The valley of Barzeh al-Balad suffered the worst violence, with government shelling, kidnapping and mass killings by paramilitary Popular Committees, now known as the National Defence Army, mainly from the Alawite minority.
But today there is a truce in Barzeh. The government has struck a deal with the armed opposition there, the Free Syrian Army (FSA). The FSA is returning heavy weapons - such as tanks - which they captured from the government, and in turn are allowed to become a civil police governing the neighbourhood.
Displaced families are being allowed back and the government is due to free detainees.
At the checkpoints of Barzeh, both forces now stand together and they eat the same food.
These two sides who have been fighting and killing each other have now come to terms. But Barzeh holds important strategic significance, as it is on the road that leads to Latakia where the government needs to secure the delivery of chemical weapons to the port.
Sending a message
In other areas, however, the government is still using a "starve to submission" policy, activists say, denying food access to opposition areas to force into submission.
More than 50 civilians including children are reported to have died of hunger in Yarmouk, a Palestinian refugee camp in southern Damascus.
Muadhamiya in the western suburbs went through the same thing and the armed opposition had to surrender to break the siege.
The timing of the Barzeh truce is significant for the government. It wants to send the message before Geneva that it is capable of reconciliation without the need of international efforts.
It also wants to take pre-emptive measures to avoid any suggestions of introducing UN peacekeepers to Syria. This is something President Bashar al-Assad's government doesn't want to see, a UN official told me in Damascus.
Meanwhile, the Syrian leadership sees Geneva as a conference for fighting "terrorism" - a term used to describe the armed opposition - and they insist it is not about giving up power.
In fact, members of the government repeatedly said that President Assad has the right to run for elections in 2014 at the end of his term.
"President Assad is coming out of the cold again and becoming an important player after the deal on [removing] the chemical weapons," one analyst close to the government said.
"He is the only one who can deliver such a mission, so why should he make any concession?"

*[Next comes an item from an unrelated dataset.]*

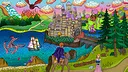 100 Fantasy Cats - Artbook Screenshot 0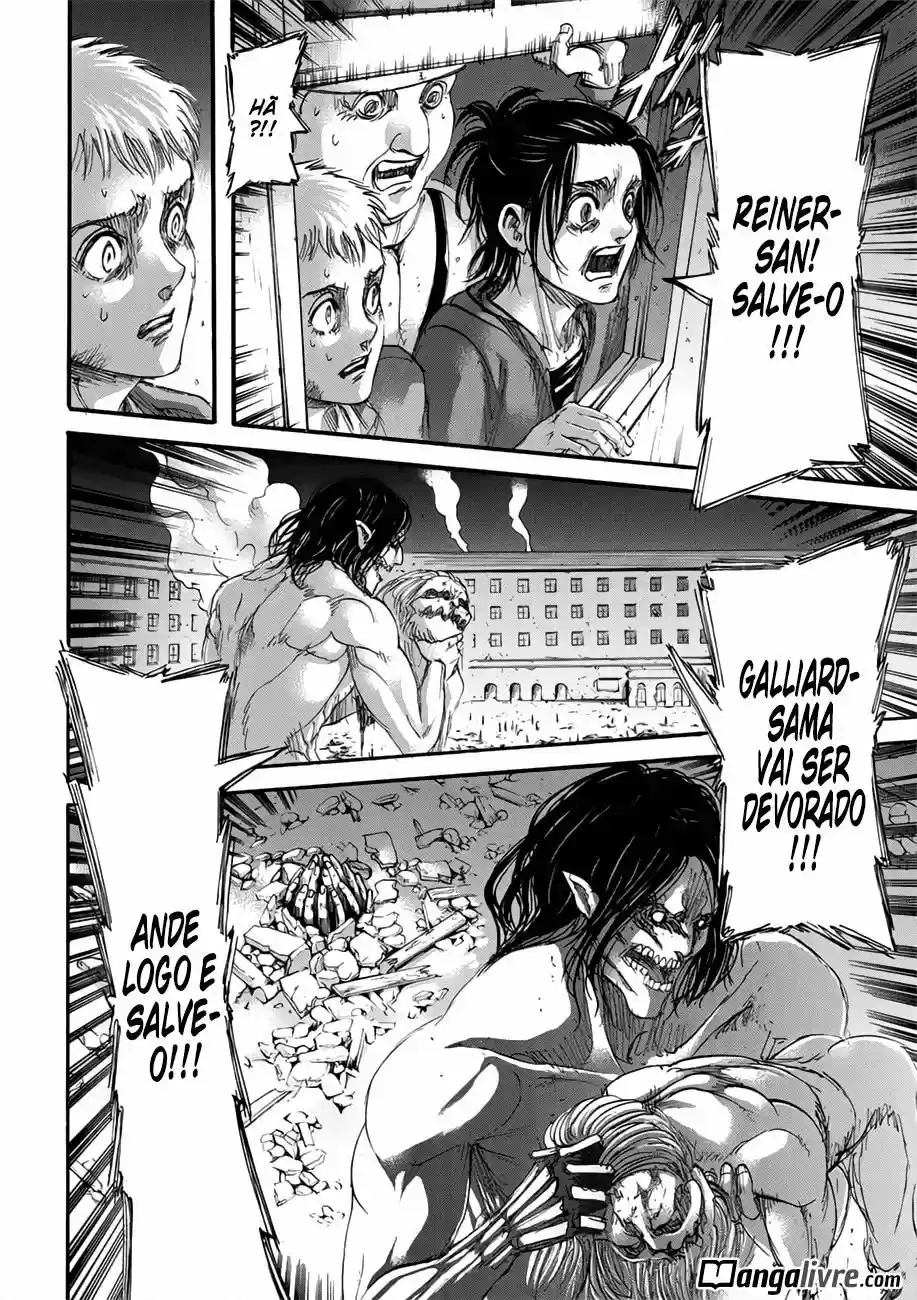 Read Attack on Titan Português Manga Online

The National Defence Army does not seem to have any interest in peace talks. It has become an alternative force that rules district by district.
It is accused of having committed many offences, including kidnapping businessmen in government-controlled areas and making hundreds of thousands of dollars in ransoms. For them, the continuation of the conflict is feeding their economy.
To outsiders, the regime seems to be one entity that is solid. But in fact, there are different powers at play inside Syria.
There are internal power struggles and external forces like Hezbollah, Iran's Revolutionary Guards and Iraqi Shia militias like the Zulfikar and Abou al-Fadhal al-Abbas Brigades. Many of these forces are seen in public, especially around Shia religious sites.
But what makes the regime strong is in fact its allies - Iran and Russia.
They have had one firm position since the start of the uprising - to support Syria's president.
An Iranian diplomat told members of the "tolerated" national opposition inside Syria during a meeting at the embassy: "Iran bets on Assad as a person, he is indispensible for us."
And while the rebel groups are locked in fighting with the al-Qaeda-linked Isis (also know as Isil) jihadists in the north, the government is pursuing its crackdown on peaceful activists in the capital.
Campaigns of arrest are continuing, targeting members of the "tolerated" opposition and members of Al-Shabab Al-Souri Al-Thaer - a group of Christians, Alawites and Druze who want to continue with peaceful activism amidst the rise of Islamist opposition groups.
Almost everyone is sent to the Anti-Terrorism Court (formed in 2012) - a sign the government is unwilling to make any concession.
But for the civilians who are caught up in the war, an end to the suffering is all they want.
What was once a call for freedom has now turned into a cry for survival.